The study argues Labour Party tactics are symptomatic of the “juridification” of politics -

Keir Starmer’s efforts to be “Mr Rules” and his focus on calling for probes and inquiries reflects the growing “juridification” of politics, experts have said.

Though the Labour leader’s consistent calls for probes and inquiries into the conduct of government, often culminating in demands for resignations, could be seen as a mere tactic of opposition politics, the study argues that it is symptomatic of the “juridification” of politics – the ceding of the terrain of politics to the seemingly superior and separate domains of law and administration.

This marks the abandonment of values-based politics in favour of a reliance upon rules, norms, conventions and procedures to address substantive matters of public policy.

The study, by Dr Jamie Johnson, from the University of Leicester, Dr Owen Thomas, from the University of Exeter and Professor Victoria Basham, from Cardiff University, is published in the journal British Politics.

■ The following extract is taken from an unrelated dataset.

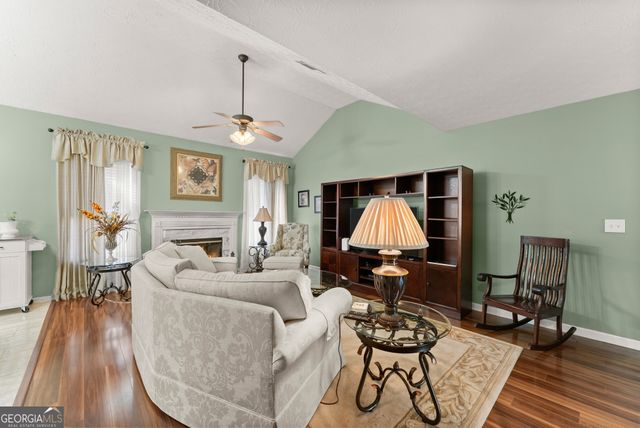 5082 Peach Mountain Circle, Gainesville, GA 30507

Dr Thomas said: “Through this rules-based, rather than values-based approach to politics, the task of government is reduced to the dual imperatives of maintaining standards of probity and competency in public office. Such an approach to politics tends to focus more on restoring established forms of conduct rather than seeking forms of political renewal or reimagination.

“As the contours of an incoming Labour government begin to emerge, it is unclear whether such an approach to politics can meaningfully respond to the series of reinforcing crises it will be tasked with tackling: from the climate emergency to the cost of living. The challenge for Labour is to make sense of a political moment in which problems arise as much from the following of established rules as their transgression.”

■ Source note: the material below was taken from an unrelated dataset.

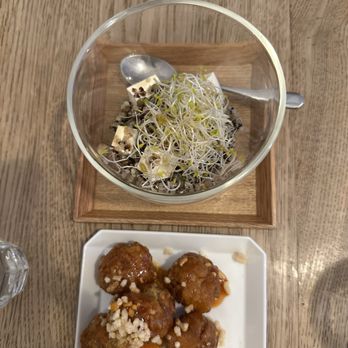 Jium - Tofu salad & ddak gang jung - Korean Near Me - Paris, 75 Jium - Tofu salad & ddak gang jung - Korean Near Me - Paris, 75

The study says a persistent feature of Labour’s opposition to policies such as immigration and asylum is that it appears more comfortable talking about efficacy than ethics, processes not principles.

At times, Labour is keen to appear as the reluctant inheritor and administrator of Conservative policy. At other times, however, Labour appears keen to emphasise elements of continuity as a sign of their seriousness, pragmatism, and readiness for government.

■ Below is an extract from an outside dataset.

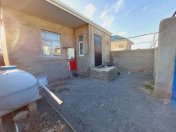 Satılır 3 otaqlı 67 m2 həyət evi Binə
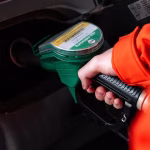 Essence en flamme : 17€ de plus en 3 mois, les élus RN nous mènent droit dans le mur !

Professor Basham commented: “Our argument is that Starmer’s ‘forensic’ style, with its associated emphasis on probity and competency, should be read as a continuation of a global trend in the juridification of politics, that signifies a reliance on judicial and quasi-judicial means to address substantive ethical and political matters of public policy.

“It is an approach to politics which stands back and lets the law, the rule, the procedure decide. It is unpolitical in that it seeks to stand above the political sphere and to seek political outcomes by means other than politics. It does so through the conspicuous abandonment of the terrain of politics and the reification of the seemingly superior and separate spheres of law and administration.”

“This rise of juridification has not gone unnoticed. The Conservative government clearly understands that the most concerted and effective opposition to their policies in recent years has come through law, not politics. In response, Conservative rhetoric has been defined by attacks against the institutions that administer ‘the rules’: human rights lawyers, supreme court and European judges, civil servants, Treasury orthodoxy, and the so-called ‘left-wing economic establishment’.”

Dr Johnson said: “The juridification of politics extends well beyond Starmer’s Labour Party, capturing a broader trend within centre and centre-left politics in which progressive political outcomes are increasingly sought with recourse to the law. The juridification of politics is not simply to pursue good politics through good law, it is to reduce and equate good politics to good law.

“If politics is to be nothing more than ensuring adherence to the rules and policing their transgression, then what are we left with in an age in which the rules themselves appear to be the problem?”